Industrial production has declined by around 5 per cent mainly owing
to this export downturn.
All significant
categories of industrial exports declined. The country's leading
export, garments, which constitutes over two thirds of our industrial
exports, and over one half of our total exports, has been mainly
responsible for this. It is however noteworthy that in the first
half of this year all our industrial exports declined. Although
garment exports have been mainly responsible for the decline in
industrial exports, in fact all industrial exports have fared badly.
While garments
exports declined by 22 per cent, leather and rubber goods exports
decreased by 26.5 per cent and the export of food and beverages
items, including tobacco, decreased by 27 per cent and other industrial
exports decreased by nearly 7 per cent. It was the decrease in all
these exports, though primarily garment exports, that resulted in
the first year's industrial export earnings falling by as much as
20 per cent in the first half of this year. The continuing slide
in industrial exports is a very serious concern as manufacturing
contributes 15 per cent to the country's national income.
No doubt the
impact of the global recession continues to affect our industrial
exports. The economic recovery in the US and Western Europe does
not appear to have reached our shores as yet. There has been no
discernible improvement in demand for our export items. What came
about due to the global recession continues even after the global
recovery. This raises questions regarding the competitiveness of
our industries in world markets, as well as the structure of our
industrial sector.
The global recession
may have masked the possibility of our industrial cost structures
having increased to an extent that has made our exports lose their
competitiveness. This is especially so after the energy crisis that
has raised production costs. Other problems besides high energy
costs, are inadequate infrastructure, dumping, lack of regular supplies
of raw materials, high interest costs and corruption of customs,
among others.Sri Lanka may be losing its competitive edge especially
with respect to low cost labour intensive manufactures. Countries
like Vietnam, China and Bangladesh have lower cost structures owing
to both lower wage rates and higher levels of productivity of their
labour. Their higher labour productivity would also mean lower unit
costs for industrial exports. Considerable improvements in infrastructure
and a better investment climate to attract investors to establish
higher value added industry is indeed necessary. The development
of a higher skilled labour force is also needed to move upwards
in the technological ladder of industry. These are not easy preconditions
to meet when it appears our infrastructure is inadequate for even
simpler industries. Yet we have to look to the future possibilities
for developing a more skill-based industrial structure.
We cannot merely
hope that the global recovery would enable our industrial exports
to bounce back. Both macro economic conditions and the micro conditions
must be improved to provide a climate for competitive industrial
development. Overall management of the economy, especially fiscal
management, has an important bearing on factors such as inflation
and the rate of interest. Equally, adequate power at reasonable
rates is vital for the industrial sector. Some industries that are
not viable would have to be restructured or closed down. There is
considerable amount of reforms that are necessary with respect to
labour laws.A continuing downturn in industrial exports means a
serious dent in our export earnings and a severe strain on our trade
balance.
Unlike in the
past Industrial exports account for the majority of our export earnings.

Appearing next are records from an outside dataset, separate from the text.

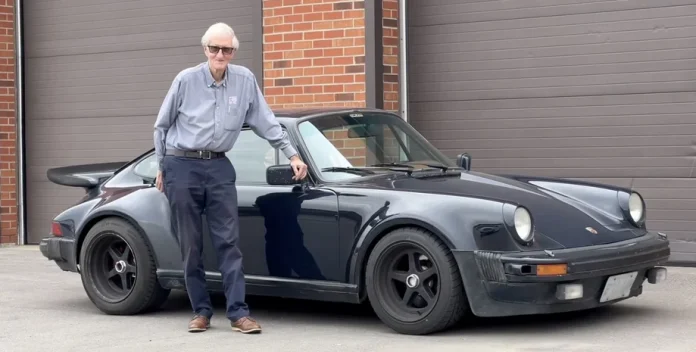 Мільйон кілометрів нон-стоп: Ветеран Porsche 911 Turbo 1976 року — ода надійності та шаленої потужності Мільйон кілометрів нон-стоп: Ветеран Porsche 911 Turbo 1976 року — ода надійності та шаленої потужності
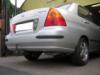 Suzuki Liana Sedan utngyrtott hts kipufog dob csere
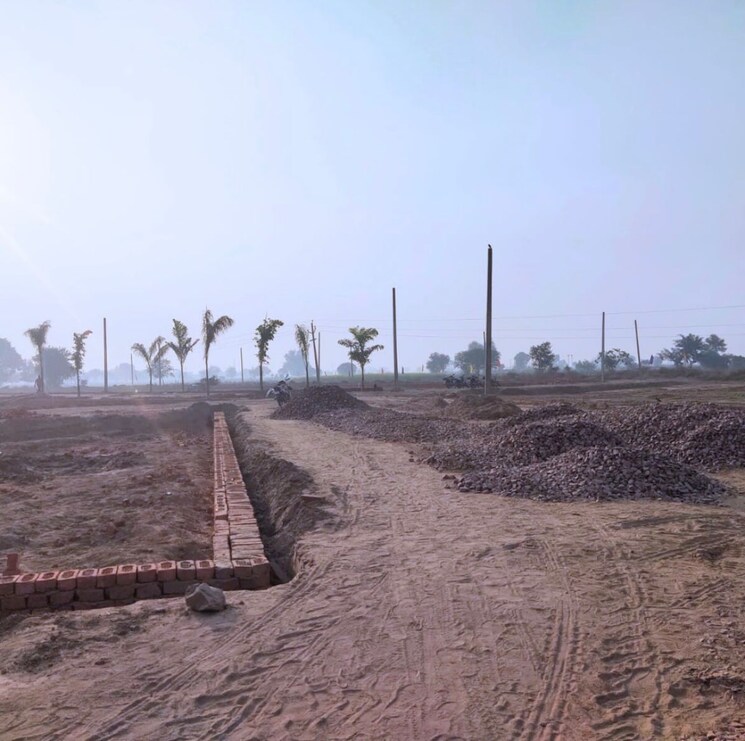 undefined, tappal  824 Sq.Ft. Plot In Tappal Aligarh 8744500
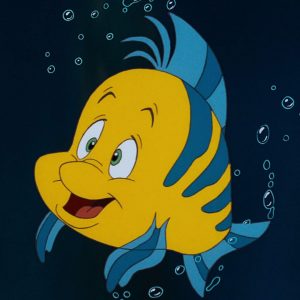 Profile Flounderjpg — Disney Animals option 71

A dip in our industrial exports means a significant dip in our export
earnings. In a country that is also highly dependent on imports
this is very serious. It will also have an adverse impact on other
sectors especially the financial sector and other services related
to trade. Since a large labour force is employed in manufacturing
garments, in particular, the industrial recession is likely to lead
to retrenchment and reduce future labour absorption. A comprehensive
strategy is needed for the resuscitation of industry. Let us not
be solely dependent on global conditions.